TASK OBJECTIVE:
Starting at the line with "Lot of 3 National" in it, reproduce each line below through the last one, exactly, and include nothing else.

◇ ◇ ◇ ◇

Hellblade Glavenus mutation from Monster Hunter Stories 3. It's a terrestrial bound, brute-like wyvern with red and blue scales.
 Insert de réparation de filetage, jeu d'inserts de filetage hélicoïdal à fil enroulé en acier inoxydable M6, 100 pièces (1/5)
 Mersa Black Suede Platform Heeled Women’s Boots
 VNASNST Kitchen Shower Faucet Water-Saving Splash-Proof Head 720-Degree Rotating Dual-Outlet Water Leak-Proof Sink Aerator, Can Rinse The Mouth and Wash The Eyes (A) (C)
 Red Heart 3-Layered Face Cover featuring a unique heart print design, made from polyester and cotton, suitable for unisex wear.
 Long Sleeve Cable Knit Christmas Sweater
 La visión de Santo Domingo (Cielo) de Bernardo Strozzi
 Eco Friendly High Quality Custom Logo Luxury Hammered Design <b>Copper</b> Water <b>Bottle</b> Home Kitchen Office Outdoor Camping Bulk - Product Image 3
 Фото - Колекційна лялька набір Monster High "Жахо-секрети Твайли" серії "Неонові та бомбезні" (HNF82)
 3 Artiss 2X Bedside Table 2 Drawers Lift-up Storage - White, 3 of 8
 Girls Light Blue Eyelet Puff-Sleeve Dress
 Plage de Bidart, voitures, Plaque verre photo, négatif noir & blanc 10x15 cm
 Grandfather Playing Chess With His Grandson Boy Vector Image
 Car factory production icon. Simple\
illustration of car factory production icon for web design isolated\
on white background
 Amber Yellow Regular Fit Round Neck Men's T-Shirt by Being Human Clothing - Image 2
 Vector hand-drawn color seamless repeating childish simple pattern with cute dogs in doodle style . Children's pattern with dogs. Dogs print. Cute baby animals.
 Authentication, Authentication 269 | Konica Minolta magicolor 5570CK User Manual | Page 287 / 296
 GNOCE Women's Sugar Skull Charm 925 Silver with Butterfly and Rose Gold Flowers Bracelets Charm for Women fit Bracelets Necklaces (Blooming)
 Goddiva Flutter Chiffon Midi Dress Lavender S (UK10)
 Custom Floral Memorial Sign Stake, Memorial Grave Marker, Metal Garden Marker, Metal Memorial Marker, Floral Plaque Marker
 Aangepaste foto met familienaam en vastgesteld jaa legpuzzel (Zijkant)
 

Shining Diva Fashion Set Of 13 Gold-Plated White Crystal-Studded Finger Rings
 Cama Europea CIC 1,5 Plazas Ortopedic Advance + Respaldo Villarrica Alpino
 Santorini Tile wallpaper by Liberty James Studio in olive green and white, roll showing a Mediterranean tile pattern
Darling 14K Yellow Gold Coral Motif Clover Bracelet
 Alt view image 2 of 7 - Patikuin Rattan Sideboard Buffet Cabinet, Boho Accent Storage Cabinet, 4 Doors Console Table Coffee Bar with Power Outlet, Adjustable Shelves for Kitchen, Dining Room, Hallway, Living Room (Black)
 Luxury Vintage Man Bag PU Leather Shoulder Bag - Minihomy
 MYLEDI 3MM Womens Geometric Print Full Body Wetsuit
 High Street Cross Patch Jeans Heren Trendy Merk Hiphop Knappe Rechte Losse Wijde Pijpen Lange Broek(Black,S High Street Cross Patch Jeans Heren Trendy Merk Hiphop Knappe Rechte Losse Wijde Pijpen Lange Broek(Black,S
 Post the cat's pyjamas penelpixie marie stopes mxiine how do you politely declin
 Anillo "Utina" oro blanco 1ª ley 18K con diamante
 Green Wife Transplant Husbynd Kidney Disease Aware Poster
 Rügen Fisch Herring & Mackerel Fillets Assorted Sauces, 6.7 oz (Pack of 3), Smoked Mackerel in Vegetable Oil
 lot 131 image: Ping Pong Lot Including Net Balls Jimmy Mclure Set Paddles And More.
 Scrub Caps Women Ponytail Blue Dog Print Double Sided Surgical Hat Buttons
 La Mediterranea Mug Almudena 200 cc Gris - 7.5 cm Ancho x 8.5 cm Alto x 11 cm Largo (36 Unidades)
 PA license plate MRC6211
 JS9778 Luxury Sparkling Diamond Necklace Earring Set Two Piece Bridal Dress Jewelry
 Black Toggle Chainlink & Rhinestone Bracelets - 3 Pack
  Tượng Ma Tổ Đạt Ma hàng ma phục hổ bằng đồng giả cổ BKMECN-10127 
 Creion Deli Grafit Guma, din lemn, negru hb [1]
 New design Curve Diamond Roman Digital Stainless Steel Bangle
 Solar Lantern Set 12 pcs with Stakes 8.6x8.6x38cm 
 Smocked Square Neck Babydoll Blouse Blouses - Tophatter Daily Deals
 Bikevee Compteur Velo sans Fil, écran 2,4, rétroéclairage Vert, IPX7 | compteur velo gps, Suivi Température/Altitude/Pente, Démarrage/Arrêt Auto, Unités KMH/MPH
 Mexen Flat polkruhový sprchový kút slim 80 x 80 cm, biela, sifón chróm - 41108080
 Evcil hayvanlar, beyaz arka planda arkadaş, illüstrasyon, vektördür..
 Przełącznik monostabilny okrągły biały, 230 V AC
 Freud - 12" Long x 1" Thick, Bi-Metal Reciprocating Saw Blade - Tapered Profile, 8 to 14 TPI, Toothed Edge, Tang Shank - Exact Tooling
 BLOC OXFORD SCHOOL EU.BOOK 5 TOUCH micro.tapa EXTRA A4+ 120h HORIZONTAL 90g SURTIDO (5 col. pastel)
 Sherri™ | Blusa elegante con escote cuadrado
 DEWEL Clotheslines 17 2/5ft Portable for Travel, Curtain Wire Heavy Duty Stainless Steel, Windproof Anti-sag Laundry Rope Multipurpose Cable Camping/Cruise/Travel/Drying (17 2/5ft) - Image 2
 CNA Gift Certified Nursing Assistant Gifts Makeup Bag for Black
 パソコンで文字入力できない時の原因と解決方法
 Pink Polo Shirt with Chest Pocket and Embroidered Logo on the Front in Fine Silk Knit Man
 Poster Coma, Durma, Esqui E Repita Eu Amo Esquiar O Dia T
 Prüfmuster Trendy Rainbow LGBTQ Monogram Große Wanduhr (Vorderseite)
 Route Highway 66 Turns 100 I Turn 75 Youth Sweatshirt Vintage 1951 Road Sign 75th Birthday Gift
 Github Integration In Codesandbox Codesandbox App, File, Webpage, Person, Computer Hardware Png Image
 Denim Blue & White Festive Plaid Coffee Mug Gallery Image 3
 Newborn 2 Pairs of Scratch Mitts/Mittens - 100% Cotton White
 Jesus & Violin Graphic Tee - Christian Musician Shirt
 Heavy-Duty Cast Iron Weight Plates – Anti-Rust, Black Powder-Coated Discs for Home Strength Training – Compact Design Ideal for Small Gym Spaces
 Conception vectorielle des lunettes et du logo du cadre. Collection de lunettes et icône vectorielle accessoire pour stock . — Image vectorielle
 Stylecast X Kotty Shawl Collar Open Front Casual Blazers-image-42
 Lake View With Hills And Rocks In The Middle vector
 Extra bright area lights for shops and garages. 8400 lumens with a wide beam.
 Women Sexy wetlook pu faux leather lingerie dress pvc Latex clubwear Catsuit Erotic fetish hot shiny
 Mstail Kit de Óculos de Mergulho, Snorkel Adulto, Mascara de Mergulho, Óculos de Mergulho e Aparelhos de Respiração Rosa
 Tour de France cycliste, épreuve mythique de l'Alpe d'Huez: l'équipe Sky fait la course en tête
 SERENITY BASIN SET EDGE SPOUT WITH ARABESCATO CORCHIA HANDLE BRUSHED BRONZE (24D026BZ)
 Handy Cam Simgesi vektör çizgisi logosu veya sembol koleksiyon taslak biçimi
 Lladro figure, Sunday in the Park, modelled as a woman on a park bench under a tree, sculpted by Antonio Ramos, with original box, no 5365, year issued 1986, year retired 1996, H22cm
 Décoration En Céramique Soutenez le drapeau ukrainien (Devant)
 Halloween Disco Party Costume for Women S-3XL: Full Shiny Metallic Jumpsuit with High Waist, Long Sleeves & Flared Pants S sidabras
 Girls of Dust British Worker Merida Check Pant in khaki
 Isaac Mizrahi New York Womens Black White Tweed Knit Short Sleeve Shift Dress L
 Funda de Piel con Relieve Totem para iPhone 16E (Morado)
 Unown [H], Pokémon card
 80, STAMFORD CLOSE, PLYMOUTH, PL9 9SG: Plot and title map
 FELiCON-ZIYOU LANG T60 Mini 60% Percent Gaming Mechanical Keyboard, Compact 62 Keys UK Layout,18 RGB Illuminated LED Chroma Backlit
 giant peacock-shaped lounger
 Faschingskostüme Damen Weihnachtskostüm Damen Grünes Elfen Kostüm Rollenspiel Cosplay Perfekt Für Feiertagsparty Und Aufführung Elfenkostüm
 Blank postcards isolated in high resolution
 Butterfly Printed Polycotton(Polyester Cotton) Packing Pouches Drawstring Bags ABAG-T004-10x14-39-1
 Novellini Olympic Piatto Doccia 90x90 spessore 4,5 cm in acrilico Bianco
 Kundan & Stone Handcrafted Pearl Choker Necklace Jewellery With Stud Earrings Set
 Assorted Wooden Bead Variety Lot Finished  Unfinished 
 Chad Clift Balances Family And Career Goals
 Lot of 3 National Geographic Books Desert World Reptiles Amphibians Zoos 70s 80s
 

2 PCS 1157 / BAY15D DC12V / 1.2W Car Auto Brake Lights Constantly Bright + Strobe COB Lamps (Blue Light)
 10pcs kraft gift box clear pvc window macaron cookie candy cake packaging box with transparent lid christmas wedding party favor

◇ ◇ ◇ ◇

WRITTEN RESPONSE:
 Lot of 3 National Geographic Books Desert World Reptiles Amphibians Zoos 70s 80s
 

2 PCS 1157 / BAY15D DC12V / 1.2W Car Auto Brake Lights Constantly Bright + Strobe COB Lamps (Blue Light)
 10pcs kraft gift box clear pvc window macaron cookie candy cake packaging box with transparent lid christmas wedding party favor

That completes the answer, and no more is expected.